In a tale that has all the makings of a Hollywood mystery, the battle involves his longtime lover and business partner Pierre Bergé; allegations the drawings — many of which are erotic — were stolen; one of Saint Laurent’s former lovers, Fabrice Thomas; a German businessman who says he now owns the drawings, but who insists on remaining anonymous; a possible police investigation and criminal complaint, and numerous go-betweens who claim to have links to the works.
The complete story remains elusive.
The nub of the issue is whether the cache of Saint Laurent drawings, as well as a journal, a portrait of his mother that he did as a teenager and other pieces, were indeed stolen. They allegedly were acquired by the unidentified German businessman from Fabrice Thomas, who worked for the designer and later became his lover for a brief period in the Nineties. The businessman now plans to either exhibit or sell the collection, likely worth millions of dollars.
Bergé claims the collection, which includes some 290 sketches, was stolen from the Paris apartment he shared with Saint Laurent. Bergé and his legal team declined to identify any persons of interest.
WWD first saw digital images of some of what appeared to be YSL-signed erotic sketches in New York in late August. Sascha Welchering, director of sales at the Wentrup gallery in Berlin, showed them to a WWD editor. At that time, there was talk of organizing a show at Chrystoph Marten’s salon and gallery. Marten served as editorial director at Vidal Sassoon in New York before he opened his own West 25th Street salon in the heart of West Chelsea’s art scene.

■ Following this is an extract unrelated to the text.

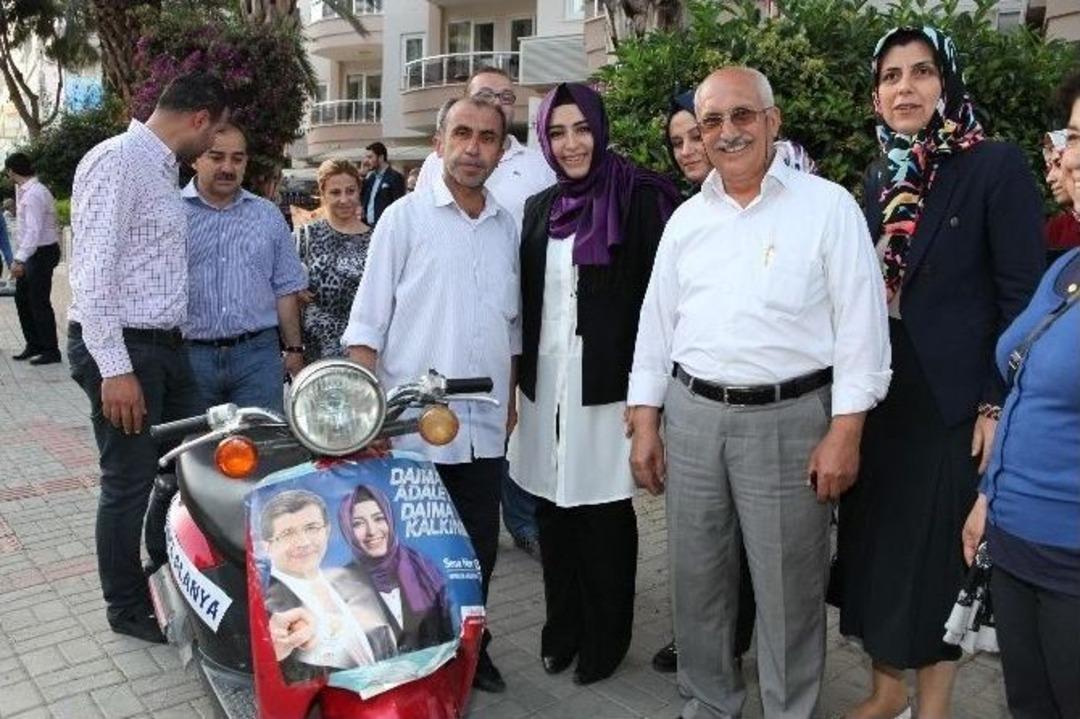 Ak Partili Aday Sena Nur &Ccedil;elik Alanya Esnafını Ziyaret Etti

Ludwig Geiger, a Swiss-based representative for the man who claims to be the collection’s current owner, declined to identify that individual. As a “trustee and friend” of the unnamed owner, Geiger said he not only knows all the background but has seen the “sworn and legalized documents” that transferred ownership from Thomas to the new owner.
Thomas declined to comment for this story via Geiger, who claimed none of the legal disputes target Thomas in any way. Geiger declined to reveal the whereabouts of Thomas, as did others in Saint Laurent’s circle.
While he was not designated to speak on Thomas’ behalf, Geiger shed some light on the current owner and how the Saint Laurent portfolio wound up in his possession. After Thomas and Saint Laurent split up in the early Nineties, this European businessman gave Thomas “a job, a car and a new life,” Geiger said. Thomas, in turn, gave the portfolio to his new friend “part gift, part sold,” according to Geiger, though he declined to give the financial details of that exchange.
Insisting that the exchange of ownership of the collection is legal, fully documented and notarized, Geiger said, “Nothing is stolen, as Mr. Bergé likes to say.”
Bergé, not surprisingly, has a good deal to say about the matter. He told WWD that he believes the sketches were stolen from the designer’s Paris apartment and that a police report has been filed. Bergé said it was out of the question that Saint Laurent would have given so many illustrations to one person. “Believe me, it would have been impossible for Yves to have given someone 300 sketches. Maybe one or two, but 300? Surely not,” Bergé said. “The point is, they were stolen.”
While he did not implicate Thomas, Bergé admitted Saint Laurent probably gave him a few things at some point. Thomas worked for the designer as a driver “a long time ago,” but Bergé could not say exactly when.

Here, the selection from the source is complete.